Playing with fire

This thread on self-publishing is taking on a life of its own. It merits a post to bookmark this moment for posterity. This discussion on self-publishing demonstrate the self-organizing aspects of the blogosphere.

Here is the cycle in a nutshell:

An idea is expressed in the blogosphere and it
generated ripples of interest and comments which cause further eddies of related
activity (people commenting about the topic to others).


The topic then attracts people with specialized expertise who
contribute their knowledge to the conversation in order to provide a
better understanding of the boundaries and potentials of the initial
idea. (They do this for personal gratification, not personal gain.)

The
trail-breaking
aspects of the topic suggest commercial and marketing potentials to
those people who convert ideas into money flows, and the race is on to
develop a working business while a market window exists.

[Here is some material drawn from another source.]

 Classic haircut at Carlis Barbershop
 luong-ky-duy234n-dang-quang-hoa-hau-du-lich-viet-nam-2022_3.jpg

We have here on this weblog, and in this thread, the pattern of technological change which brings about new businesses and industries. We have a creative commons of pooled knowledge about self-publishing which gains value with every added comment. Blogging is truly magical because we create value by communicating!

I started a thread about the current state of self-publishing. Others joined in to express interest. The
conversation attracted those who have expertise in the area and quickly became more than an exchange
of viewpoints.

Within hours we had moved into a discussion of the role POD (Print on Demand) plays
in the spectrum of self-publishing and started
accumulating information on the readability of ragged right
versus fully justified copy. At that point, this thread started becoming a useful resource for future self-publishers. There is still more to come.

The thread will eventually attract the interest of people who have valuable ideas but who couldn’t get published in the cold and unfriendly world of traditional publishing. These unpublished J. K. Rowlings and Grishams may decide to create their own path to customers and ignore the barricades set up by traditional, and struggling, publishing houses. They will publish their book and a new saga will begin.

This cycle will repeat endlessly, as long as a free blogosphere continues to exist. If there are topics of general interest related to solving problems, a new set of business relationships will arise almost spontaneously from the ensuing discussion.

This cycle is not new. This kind of round-robin discussion was going on long before the Pyramids were being built. The power of weblogs has merely put an afterburner on the process, so that industries are conceived and initiated in weeks, instead of years.

When we engage in blogging, we are playing with fire. We are harnessing the power of open communication in ways which will shape our future in ways we can’t even imagine.

To drive this point home, you should realize when  we blog about something, we actually change our future in respect to that area on the fly. Now, if that isn’t that a sobering thought, what is?